This morning I stood at the counter slicing an apple with a very sharp knife. I love this knife. If I had to escape my burning house I would grab this knife. It is totally replaceable and still it makes the cut. Literally.
The two boys are across from me. One casually stealing my apple slices while dodging the slicer. The other chattering about what a “weird” family we are. His evidence? That he likes red apples and I like green. I don’t find it particularly noteworthy but I am enjoying his animation so I go with it. Just 15 minutes earlier he was picking at the open wound of Middle School. “I don’t feel that well.” He told me with a wrinkled brow and energy of a well person. “I’m not sure I should go to school today.”
Across the world there are little Peggy Ann McKays (from the must memorize poem “Sick” by Shel Silversten (best baby gift ever.)) explaining their various ailments. Parents are feeling foreheads and rolling eyes. With this child I did neither. He has anticipated school with such excitement that I couldn’t keep him in the house in the mornings for years. This year is different. It is early days still I tell him (and me.) I’m sure he sits in a room full of future friends. But really I am not sure. I am remembering months of lunches in the band-room and imagining them passed down like my blue eyes (and unlike my love for green apples.) Steve reassures me that my son doesn’t care the way I do. The way I did. I know this is true, and still Oliver looks at me with the blue eyes we share and asks me to rescue him. To let him stay home where he can wrap himself in blankets and wait a while for the wider world.

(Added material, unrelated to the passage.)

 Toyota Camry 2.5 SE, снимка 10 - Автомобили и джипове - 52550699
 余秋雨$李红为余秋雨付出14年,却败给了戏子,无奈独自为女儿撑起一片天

I wondered how many other moms were standing at breakfast counters thinking about protecting kids from loneliness. For all of my talk of lazy parenting this is an area that I want to be able to take action in. I can’t do it. None of us can. We can’t find friends for them. We can’t create a sense of confidence in the classroom.
This weekend was a reprieve from both of our worrying. At a small dinner party he was the largest kid. Assigned the impossible task of keeping order by another parent he embraced it with the glee of new socks (“its not just that I have more socks…its the way they HUG me when I put them on”) With 6 cupcakes to divide amongst seven children he set aside fractions and skipped dessert. Other faces were smeared with frosting while he reported to the grownups that maybe sugar wouldn’t be helpful to calm down his charges. On the short ride home he described all kid yoga and his brother bragged “I didn’t help Ollie AT ALL. I worked against him.” “Yeah his brother agreed…you turned yoga into human dominos.” They laughed together at the memory.
Amongst the children of our friends he was as happy as he has always been. It is easier to be the biggest. The oldest.
Even if it means skipping the cupcake.
This is gorgeous and oh so much all the things I feel about my daughter. She’s much like her parents – prefers home and solitude and quiet. But I still want her to feel comfortable and wanted and accepted at school. And maybe she does. Maybe she’s really OK with herself. So hard. Thanks for sharing what I so often feel.
I’m going to imagine that it is better in real life than in my head…
I hated school. And possibly one of the reasons I don’t have kids of my own is I wouldn’t be able to force them through ‘school torture’ among other ‘tortures’.
I’m just glad I don’t need to go to school myself anymore. Life goal achieved.
School’s put for-ever!
You can tell Oliver is a wise old soul. He may have difficulty now, but he is going to find his friends and they are going to be loyal lifelong ones. He is a treasure, and the right friends will know it. <3
Agreed. Slow and steady wins something I think.
Tortoise, hare, just sayin’
Tortoises over here…
Any kid that gives up their cupcake for others is already somebody special.
I know…cupcakes!
What a kind, sensitive man you’ve raised.
I credit him! (Because I don’t want to blame myself for the negatives…)
It can be hard to make friends at that age, but it sounds like he’s a bright, intelligent, and confident young man who will have many friends. Giving up a cupcake was a very kind thing to do.
Agreed. And happily he won’t even need MANY friends. A small handful will do. And I mean SMALL handful.
It’s so hard to know what to do — I’ve actually let my son stay home before when I’ve known he’s not sick but then it made it harder the next day. So far, this year seems better. I hope your son makes new friends soon!
Don’t know why this made me cry, Anna. Maybe there is just too much truth in it for me to handle on a Monday. Thank you for writing it anyway.
Beautiful. Yes, I want to protect my daughter from loneliness and not fitting in. If only we could shield them from hurts…
I think the more thoughtful a child, the more introspective they are, and this makes being outgoing maybe more difficult. I was a inward child for a lot of my youth, and as was said above, I think it takes time.
I never gave up a cupcake though – that kid is a saint. Just sayin 🙂
Yeah. I’m not sure where he came from. He doesn’t get it from me. She writes shoving the final French fry in her mouth as her child looks on longingly.